Dia bilang berkoordinasi dengan aparat penegak hukum guna menindaklanjuti kegiatan tersebut. Hingga kini ia belum mengetahui inisiator pasar itu.
Zakky tak setuju dengan sistem yang diterapkan di pasar itu. “Kami prihatin. Saya juga seorang muslim, tapi kita di sini, di Indonesia, yang punya hukum. Ada alat transaksi yang sah,” ucap dia kepada reporter Tirto, Jumat.
Kapolres Metro Depok Kombes Pol Imran Edwin Siregar mengatakan saat ini polisi masih menyelidiki pasar. “Masih dalam penanganan Reskrim,” katanya.
Pasar yang tidak menggunakan rupiah ternyata tak cuma di Depok. 7 Februari nanti pukul 7 pagi hingga 11 siang, Joglo Dakwah Sakinah di Ngruki, Kabupaten Sukoharjo, akan menjadi lokasi Pasar Muamalah Solo Raya.
Panitia mengklaim kegiatan itu tanpa pajak, riba, sewa, dan sekat. “Yuk kembalikan sunnah Rosululloh, pasar amal ahlul madinah,” tertulis dalam poster acara. September dan November tahun lalu pun tempat ini disulap jadi pasar serupa.
Beberapa lokasi lain yang pernah menyelenggarakan pasar serupa di antaranya Masjid Raya Al Jihad di Perum Griya Alam Sentosa, Bogor; Gubug Cah Angon di Karanganyar; Kedai Bicik Andin di Jakarta Timur; dan Wahana Hutan Kota Wonokarto.
Regulasi Transaksi
Lurah Zakky benar ketika mengatakan ada alat transaksi yang sah di Indonesia. Rupiah adalah satu-satunya alat pembayaran yang sah dan setiap transaksi bertujuan pembayaran yang dilakukan di NKRI wajib menggunakan rupiah, demikian tertulis dalam Pasal 23B UUD 1945 juncto Pasal 1 angka 1 dan angka 2, Pasal 2 ayat (1) serta Pasal 21 ayat (1) Undang-Undang Nomor 7 Tahun 2011 tentang Mata Uang.

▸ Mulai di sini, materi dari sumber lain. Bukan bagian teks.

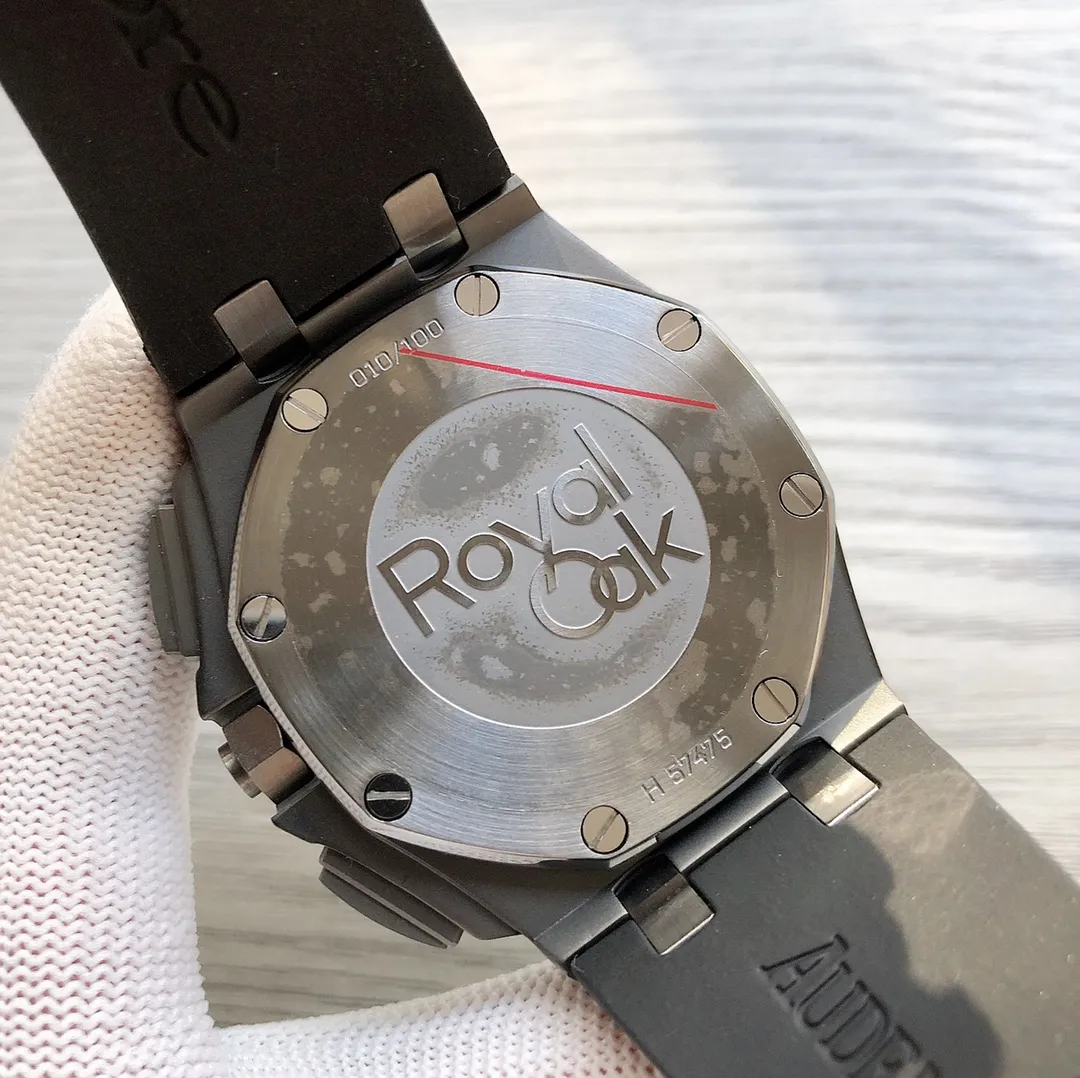 【Foreign Trade Import】💰1440! AP Audemars Piguet Royal Oak Offshore 🎮B28 Model: 26400SO.OO.A054.CA.01 Style: Men's multi-function quartz watch Movement model: Multi-function six-hand chronograph quartz movement Watch diameter: 43mm Material: 316 Xin stainless steel 🎮 Mirror material: Mineral wear-resistant glass Assembled with imported rubber original strap Equipped with original pin buckle 🎮Sanjie exquisitely recommends men's multi-function quartz watch SJ creates exquisite and ultra-realistic photo shoots for you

Kepala Departemen Komunikasi Bank Indonesia Erwin Haryono mengatakan segala transaksi jual-beli tanpa menggunakan rupiah berpotensi melanggar Pasal 33 ayat (1) Undang-Undang Nomor 7 Tahun 2011 tentang Mata Uang. Para pelanggar terancam satu tahun penjara dan denda paling banyak Rp200 juta.
Meski jelas melanggar, ia tidak mau otoritas langsung bertindak tegas. “Kami akan lihat perkembangannya. Sekarang ini akan diupayakan pendekatan yang lebih persuasif dengan cara memberikan edukasi,” ucap Erwin, ketika dihubungi reporter Tirto, Jumat. Edukasi dilakukan karena mungkin saja banyak masyarakat yang belum mengerti ihwal alat pembayaran yang sah.
“Tapi kami tentu tidak ragu bekerja sama dengan kepolisian untuk penindakan pada waktunya,” katanya.